In STT-based turn detection the adjustment is intentional and correct — bounceEOUTask runs from STT's INFERENCE_DONE event, and subtracting elapsed time keeps the post-speech window roughly minDelay long even when transcription took a while.

Fix

Skip the elapsed-since-speech adjustment in VAD mode so minDelay actually provides a real post-EOS grouping window that an upcoming START_OF_SPEECH can cancel. STT mode is unchanged.

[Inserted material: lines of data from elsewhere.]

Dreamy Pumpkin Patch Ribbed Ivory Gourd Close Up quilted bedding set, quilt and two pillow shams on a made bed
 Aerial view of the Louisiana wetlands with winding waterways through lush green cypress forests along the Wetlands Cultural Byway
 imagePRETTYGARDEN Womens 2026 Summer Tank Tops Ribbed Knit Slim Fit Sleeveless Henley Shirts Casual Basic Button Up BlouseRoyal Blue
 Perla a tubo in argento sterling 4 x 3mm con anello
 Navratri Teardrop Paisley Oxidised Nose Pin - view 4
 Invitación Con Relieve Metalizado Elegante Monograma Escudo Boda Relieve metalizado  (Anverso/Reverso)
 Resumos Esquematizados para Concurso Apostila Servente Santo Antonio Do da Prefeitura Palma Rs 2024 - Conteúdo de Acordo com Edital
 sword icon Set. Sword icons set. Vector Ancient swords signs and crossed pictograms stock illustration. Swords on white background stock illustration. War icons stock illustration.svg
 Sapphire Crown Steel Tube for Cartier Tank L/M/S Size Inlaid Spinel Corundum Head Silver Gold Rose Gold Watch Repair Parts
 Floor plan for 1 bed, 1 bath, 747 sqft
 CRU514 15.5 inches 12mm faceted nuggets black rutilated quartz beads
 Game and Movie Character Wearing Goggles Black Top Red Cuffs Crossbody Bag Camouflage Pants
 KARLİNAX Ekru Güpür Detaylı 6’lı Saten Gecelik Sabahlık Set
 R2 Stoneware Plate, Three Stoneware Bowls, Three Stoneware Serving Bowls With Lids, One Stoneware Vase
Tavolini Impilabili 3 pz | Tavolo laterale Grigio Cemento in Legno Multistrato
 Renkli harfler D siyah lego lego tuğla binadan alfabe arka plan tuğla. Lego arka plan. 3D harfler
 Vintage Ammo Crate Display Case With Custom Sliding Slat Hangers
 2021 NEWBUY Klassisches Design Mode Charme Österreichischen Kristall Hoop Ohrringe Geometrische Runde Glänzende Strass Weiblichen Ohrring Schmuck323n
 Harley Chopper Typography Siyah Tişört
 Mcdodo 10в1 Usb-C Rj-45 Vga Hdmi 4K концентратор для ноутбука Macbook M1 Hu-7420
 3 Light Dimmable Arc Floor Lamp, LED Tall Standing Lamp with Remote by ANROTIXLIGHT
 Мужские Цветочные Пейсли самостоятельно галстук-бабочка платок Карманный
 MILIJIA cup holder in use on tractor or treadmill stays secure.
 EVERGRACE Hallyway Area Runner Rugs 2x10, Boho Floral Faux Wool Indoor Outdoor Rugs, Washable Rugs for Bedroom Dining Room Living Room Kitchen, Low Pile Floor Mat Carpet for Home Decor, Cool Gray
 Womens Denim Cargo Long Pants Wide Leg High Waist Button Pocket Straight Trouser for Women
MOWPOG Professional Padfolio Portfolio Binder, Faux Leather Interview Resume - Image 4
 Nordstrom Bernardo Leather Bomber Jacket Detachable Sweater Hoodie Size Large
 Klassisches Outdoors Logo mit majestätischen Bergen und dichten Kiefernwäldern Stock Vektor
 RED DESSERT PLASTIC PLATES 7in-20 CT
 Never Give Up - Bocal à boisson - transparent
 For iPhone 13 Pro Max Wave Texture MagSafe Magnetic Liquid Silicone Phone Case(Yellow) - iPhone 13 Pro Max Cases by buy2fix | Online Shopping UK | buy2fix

 let extraSleep = endpointingDelay;
-if (lastSpeakingTime !== undefined) {
+if (lastSpeakingTime !== undefined && !this.vadBaseTurnDetection) {
   extraSleep += lastSpeakingTime - Date.now();
 }

Matches solution #2 from the linked Python issue.

Tests

New file agents/src/voice/audio_recognition_endpointing_delay.test.ts with two cases:

  1. VAD mode regression (minEndpointingDelay is nullified in VAD turn-detection mode (swallowed by Silero minSilenceDuration), breaking multi-segment turn grouping #1741) — sets lastSpeakingTime = Date.now() − 550 (mirroring Silero's minSilenceDuration) and minEndpointingDelay = 300, then drives runEOUDetection(empty) and measures the time to onEndOfTurn. Expects ≥ 250 ms (i.e. roughly the configured minDelay).
    • On main: fails with elapsed ≈ 2 ms (turn commits immediately).
    • With the fix: passes (~300 ms).
  2. STT mode regression guardturnDetectionMode: 'stt', no VAD, lastSpeakingTime 150 ms ago, minDelay = 400. Expects elapsed ≈ 250 ms (the existing subtraction stays).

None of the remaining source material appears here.